You can't get much more articulate and perceptive (evidence, here) than David Atkins, regular contributor to Digby's Hullabaloo. But he is wrong about the likelihood of an enthusiastic GOP base in the 2012 presidential election.
Atkins links to a New York Times article in which Alison Kopinski writes (types)
With the nation’s first nominating contests just two months away, a large majority of Republican primary voters have yet to make up their minds about the candidate they would like to see as their party’s nominee for president in 2012.
About eight in 10 Republican primary voters say it is still too early to tell whom they will support, and just four in 10 say they have been paying a lot of attention to the 2012 presidential campaign, according to the latest New York Times/CBS News poll.
Herman Cain, the former restaurant executive, is riding a wave of support among Republican primary voters that has placed him in a statistical dead heat with rival Mitt Romney, the former Massachusetts governor, in a race that has been characterized by momentum swings among the candidates.
The poll found Mr. Cain with the highest level of support, with 25 percent of Republican primary voters, and Mr. Romney with 21 percent. This difference is within the poll’s margin of sampling error.

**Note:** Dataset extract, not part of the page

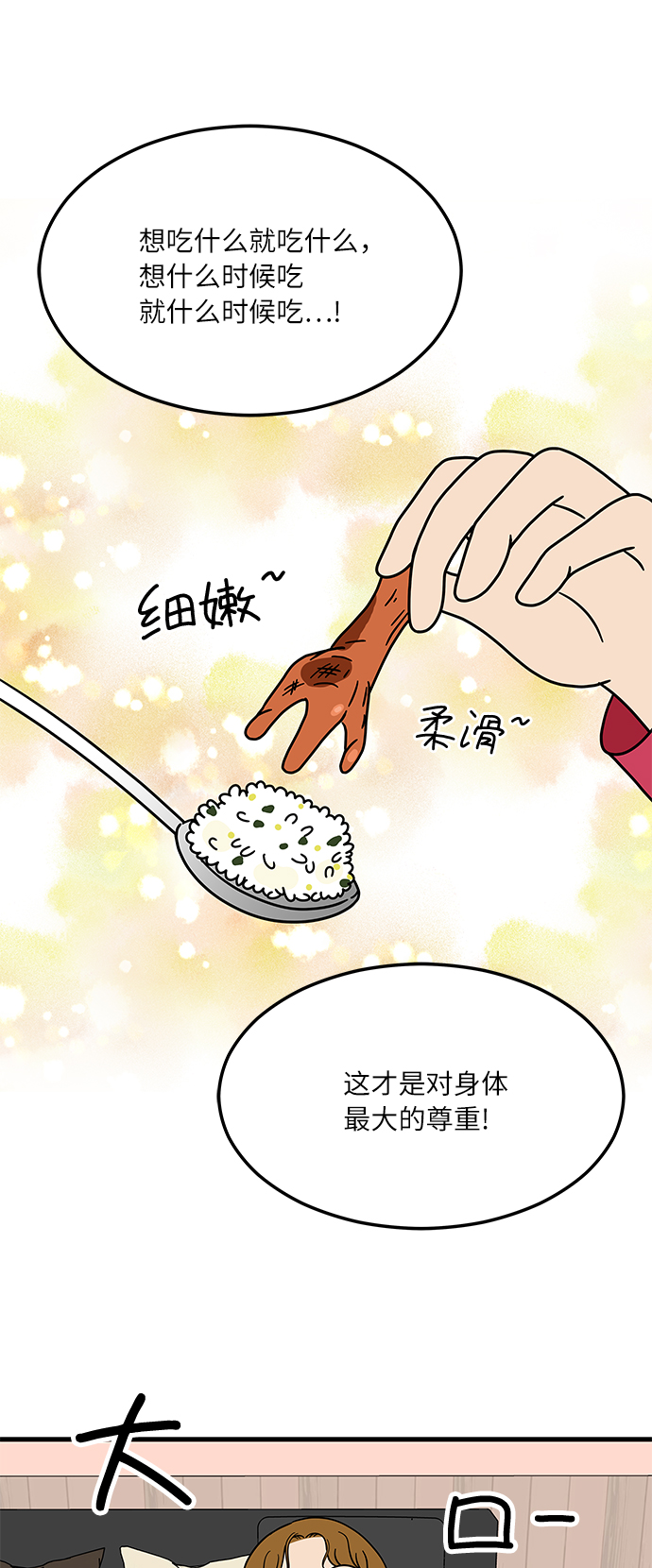 [第1话] 我和他...味觉共享了？6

Adding to the fluidity of the contest, about one in 10 Republican primary voters say they would like to see someone else nominated.
Atkins thus observes
What most Democrats are looking for is basic competence and an eye for the common good. We are willing to mostly overlook race, gender, personal foibles and even difficult votes made in the past, because we understand that people are people, both life and governance are hard, and no one is perfect. We have an easier time of this.
So far, so good. But then he goes off track, concluding
The GOP purity train is such that they're not going to be happy with anybody they pick. And that, at least, is a silver lining to their increasingly radical cloud.
Significantly, when Herman Cain, whom polls now indicate is the favorite of the greatest number of registered voters of the pro-life party, appeared on Piers Morgan Tonight, he repeated faithfully the primary pro-choice talking point:
Not me as president, not some politician, not a bureaucrat. It gets down to that family. And whatever they decide, they decide. I shouldn't have to tell them what decision to make for such a sensitive issue.
And for those who believe Cain was talking only about abortion in the case of rape or incest, a moment later, asked by Morgan about "these things"(i.e., abortion generally) the candidate maintained
The government shouldn't be trying to tell people everything to do, especially when it comes to social decisions that they need to make.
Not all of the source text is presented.